Any thoughts on how I can pass the value to the Array?

    If I remember correctly, PHP doesnt allow one to initialize member variables that way.
    Rather, what you should do is:

    class Page
    {
    	var $house;
    	var $buttons;
    
    function Page($house)
    {
    	$this->house = $house; //or whatever you need to do with house
    	$this->buttons = array();
    	$this->buttons['Homes'] = 'homes.php?' . $this->house . '_homes';
    }
    }

    Actually, it might be better to create a member function to set the button array.

    I have no idea what the class does at all though so I cant say much.

      laserlight,

      yup...apparently that's how's it's gotta be...we wanted to keep the array outside the constructor (for "other reasons") but I guess were going to go for something in the direction you suggested.

      Thanks for your tip!

        8 months later

        Hey this is a pretty old topic, but I have a similar problem that isn't fixed by this here. I'm currently programming what will eventually be a fully automated site for a computer gaming league, and I was having a problem with taking an array in and assigning it as a variable in a class. I'm a past C++ programmer, and I really havn't used PHP that much, so I'm just wondering if there's a quirky language problem I don't know about. I'm so against stealing scripts I won't even take a news system without knowing exactly what happens.

        Anyways here's my code:

        class newspost
        {
        var $poster;
        var $timestamp;
        var $title;
        var $content;

        function set($poster, $timestamp, $title, $content)
        //This function sets this newspost to the input values
        {
          $this->poster=$poster;
          $this->timestamp=$timestamp;
          $this->title=$title;
          $this->content=array();
          $this->content=$content;
          //for ($i=0;$i<count($content);$i++)
          //  $this->content[$i]=$content[$i];
          echo "$content[0]";
          echo "$this->content[0]";
        }

        //... more functions
        }

        Basically what happens is the array inside the class ($this->content) isn't set to what the input array is ($content). I've tried multiple ways of assigning it, including array_slice and that commented out 'for' loop, but they all do the same thing, which is nothing. The first test echo outputs the correct value, but the second one just puts: Array[0]

          You can set variables when instantiating a class as of PHP 4.3.* afaik. There are a few exceptions to this - for one you can't concatenate, as you are trying to do

          class page { 
            // These are the attributes for the page class 
            var $house;
            var $buttons = array( 'Homes' => 'homes.php?');
          
            function page(){
              $this->buttons['homes'] .= $this->house."_homes'"; 
            }
          }
          

          hth

            Keiser,
            Just doing:
            $this->content = $content;
            Is all you need. You don't have to create an array first. That's assuming that the passed $content is an array. Of course it stores a copy of the array.

            Shrike,
            You can only initialize instance variables to constant values. Concatenation is not really the problem. It's the fact that $house is a variable.

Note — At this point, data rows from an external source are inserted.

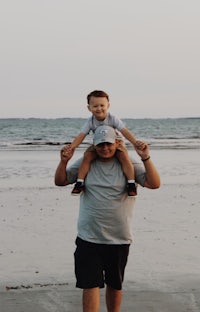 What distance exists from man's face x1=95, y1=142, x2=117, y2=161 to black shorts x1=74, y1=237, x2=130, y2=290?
656 mm


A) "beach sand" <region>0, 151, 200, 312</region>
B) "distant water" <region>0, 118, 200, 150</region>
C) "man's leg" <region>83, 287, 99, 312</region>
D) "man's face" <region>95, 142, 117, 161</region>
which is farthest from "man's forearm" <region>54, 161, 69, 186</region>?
"distant water" <region>0, 118, 200, 150</region>

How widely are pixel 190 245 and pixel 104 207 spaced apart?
3.87 meters

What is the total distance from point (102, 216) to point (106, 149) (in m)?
0.49

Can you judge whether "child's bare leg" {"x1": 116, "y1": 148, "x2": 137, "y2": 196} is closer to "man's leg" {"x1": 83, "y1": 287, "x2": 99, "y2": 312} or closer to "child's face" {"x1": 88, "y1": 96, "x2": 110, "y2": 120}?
"child's face" {"x1": 88, "y1": 96, "x2": 110, "y2": 120}

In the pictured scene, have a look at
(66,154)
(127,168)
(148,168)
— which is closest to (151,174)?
(148,168)

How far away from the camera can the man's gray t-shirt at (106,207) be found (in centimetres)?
412

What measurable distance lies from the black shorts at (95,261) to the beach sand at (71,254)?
1.11m

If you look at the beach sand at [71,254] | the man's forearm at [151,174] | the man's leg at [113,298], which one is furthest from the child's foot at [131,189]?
the beach sand at [71,254]

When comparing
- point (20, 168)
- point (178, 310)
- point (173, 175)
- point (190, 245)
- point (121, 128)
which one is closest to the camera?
point (121, 128)

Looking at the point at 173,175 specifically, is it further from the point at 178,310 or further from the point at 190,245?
the point at 178,310

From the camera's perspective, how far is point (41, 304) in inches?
210

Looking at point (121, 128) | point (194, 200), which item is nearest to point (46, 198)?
point (194, 200)

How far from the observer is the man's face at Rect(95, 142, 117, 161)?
4.12 m

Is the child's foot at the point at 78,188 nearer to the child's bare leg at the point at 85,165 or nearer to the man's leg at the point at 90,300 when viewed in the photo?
the child's bare leg at the point at 85,165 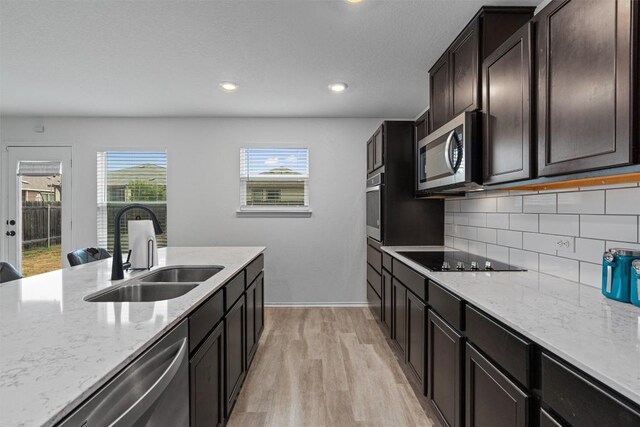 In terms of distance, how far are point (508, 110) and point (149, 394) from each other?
187 centimetres

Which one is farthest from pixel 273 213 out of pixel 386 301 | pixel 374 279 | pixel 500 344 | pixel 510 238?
pixel 500 344

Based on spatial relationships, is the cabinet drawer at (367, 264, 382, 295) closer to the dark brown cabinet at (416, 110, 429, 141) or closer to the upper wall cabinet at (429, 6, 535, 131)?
the dark brown cabinet at (416, 110, 429, 141)

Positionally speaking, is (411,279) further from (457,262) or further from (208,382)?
(208,382)

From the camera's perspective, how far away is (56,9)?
1986mm

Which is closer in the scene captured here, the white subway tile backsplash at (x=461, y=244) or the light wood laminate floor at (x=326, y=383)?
the light wood laminate floor at (x=326, y=383)

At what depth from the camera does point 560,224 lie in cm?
176

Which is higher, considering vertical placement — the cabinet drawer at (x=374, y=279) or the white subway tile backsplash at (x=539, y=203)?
the white subway tile backsplash at (x=539, y=203)

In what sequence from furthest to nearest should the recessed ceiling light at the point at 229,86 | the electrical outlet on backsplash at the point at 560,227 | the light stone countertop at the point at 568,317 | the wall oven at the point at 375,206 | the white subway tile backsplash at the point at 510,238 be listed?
the wall oven at the point at 375,206 < the recessed ceiling light at the point at 229,86 < the white subway tile backsplash at the point at 510,238 < the electrical outlet on backsplash at the point at 560,227 < the light stone countertop at the point at 568,317

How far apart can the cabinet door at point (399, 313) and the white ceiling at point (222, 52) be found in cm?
182

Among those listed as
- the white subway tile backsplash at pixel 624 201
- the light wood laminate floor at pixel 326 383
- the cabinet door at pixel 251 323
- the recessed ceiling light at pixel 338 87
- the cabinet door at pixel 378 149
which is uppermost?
the recessed ceiling light at pixel 338 87

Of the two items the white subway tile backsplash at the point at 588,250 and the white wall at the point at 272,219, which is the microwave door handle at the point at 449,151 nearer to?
the white subway tile backsplash at the point at 588,250

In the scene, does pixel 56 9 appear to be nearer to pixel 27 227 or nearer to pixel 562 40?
pixel 562 40

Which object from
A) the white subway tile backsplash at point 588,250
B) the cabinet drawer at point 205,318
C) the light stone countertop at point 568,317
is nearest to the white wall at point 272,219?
the light stone countertop at point 568,317

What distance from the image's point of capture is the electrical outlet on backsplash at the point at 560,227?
1420 mm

              Agreed. I wrote that post before I had any coffee this morning 😉

                Yeah I fixed mine, it was really weird, but if you try to output it by:

                echo "$post->content[0]";
                it doesn't work, it sees $post->content and immediately outputs "Array" because that's what that variable is, and then it just outputs [0]. So anyways I just wrote a member function to return an element of the array $content, and go:

                $str=$str=$post->element($i);
                echo "Content: $str/n";

                and that fixes it. Annoying stupid little language quirk, but I'm glad I worked it out so I'll know about it later!